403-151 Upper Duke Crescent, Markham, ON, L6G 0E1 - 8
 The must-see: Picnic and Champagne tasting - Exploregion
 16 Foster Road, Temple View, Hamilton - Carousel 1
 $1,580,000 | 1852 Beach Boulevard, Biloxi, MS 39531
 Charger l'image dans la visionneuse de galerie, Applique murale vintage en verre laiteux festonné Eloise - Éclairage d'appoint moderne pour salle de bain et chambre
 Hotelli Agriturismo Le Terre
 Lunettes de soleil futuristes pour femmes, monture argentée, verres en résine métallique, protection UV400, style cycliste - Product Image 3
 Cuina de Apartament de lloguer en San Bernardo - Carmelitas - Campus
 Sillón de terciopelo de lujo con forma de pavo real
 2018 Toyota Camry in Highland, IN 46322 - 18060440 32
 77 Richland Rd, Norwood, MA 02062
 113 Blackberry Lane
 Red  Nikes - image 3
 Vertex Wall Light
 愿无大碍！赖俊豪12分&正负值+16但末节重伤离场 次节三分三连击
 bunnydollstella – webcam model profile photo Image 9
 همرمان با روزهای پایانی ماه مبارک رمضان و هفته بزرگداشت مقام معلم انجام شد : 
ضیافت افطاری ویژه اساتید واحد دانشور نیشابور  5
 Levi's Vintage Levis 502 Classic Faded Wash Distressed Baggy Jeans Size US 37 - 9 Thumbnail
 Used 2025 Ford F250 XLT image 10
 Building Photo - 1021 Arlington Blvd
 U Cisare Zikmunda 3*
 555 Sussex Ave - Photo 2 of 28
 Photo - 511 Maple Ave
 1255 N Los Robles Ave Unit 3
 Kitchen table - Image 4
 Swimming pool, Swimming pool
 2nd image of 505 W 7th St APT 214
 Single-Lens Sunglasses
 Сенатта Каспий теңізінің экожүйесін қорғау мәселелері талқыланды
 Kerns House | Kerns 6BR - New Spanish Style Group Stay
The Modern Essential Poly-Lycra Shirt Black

### What you should do:
Give back the entries above exactly as they are, from their first line through the line that contains "Biloxi, MS 39531", both included, with nothing else.

### Solution to this exercise:
403-151 Upper Duke Crescent, Markham, ON, L6G 0E1 - 8
 The must-see: Picnic and Champagne tasting - Exploregion
 16 Foster Road, Temple View, Hamilton - Carousel 1
 $1,580,000 | 1852 Beach Boulevard, Biloxi, MS 39531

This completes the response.